Here's a checklist to go though when you set up a new system, when you take responsibility for a system, and periodically after that. You'll learn more about each of these steps in the rest of this chapter.
Maintain good physical security.
Use only strong passwords, and change them regularly.
Configure the built-in firewall software to block access to all ports you are not using. (Choose the Sharing pane in System Preferences.)
Give as few people admin (root) access as is practical.
Change all admin passwords at least once every three months.
If the machine provides any services (such as Post Office Protocol [POP], Internet Mail Access Protocol [IMAP], or File Transfer Protocol [FTP]) that use unencrypted passwords, set up special shells for the users of those services so that they cannot log in to a standard shell. This defends against password-sniffing attacks by preventing a sniffed user name and password from being used to log in to a regular shell.

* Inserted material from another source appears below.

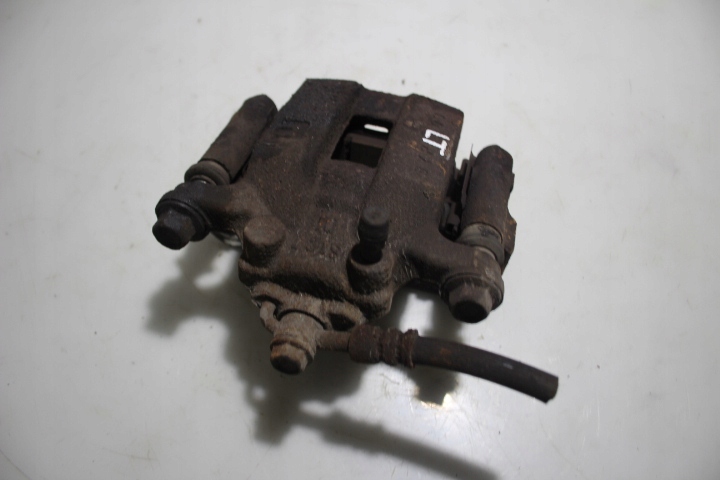 фото №2, Суппорт тормоза левый задняя renault koleos i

Do not allow Telnet access (it uses an unencrypted connection to provide shell access, so everything sent in the connection, including passwords, is susceptible to interception by bad people).

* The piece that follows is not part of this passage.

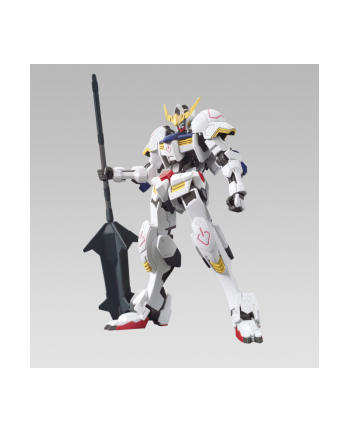 Figurka kolekcjonerska BANDAI HG 1/144 GUNDAM BARBATOS GUN83098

Only run servers you actually need. For example, do not run an e-mail server unless you need to.
Keep your software ( especially servers) up-to-date.
Monitor the Computer Emergency Response Team Web site (www.cert.org) or e-mail lists.
Periodically search your system for setuid root files.
Create MD5 checksums of all files in /etc and in each of the directories in your PATH . Save these on a CD-ROM, and run an md5sum check against the list every month.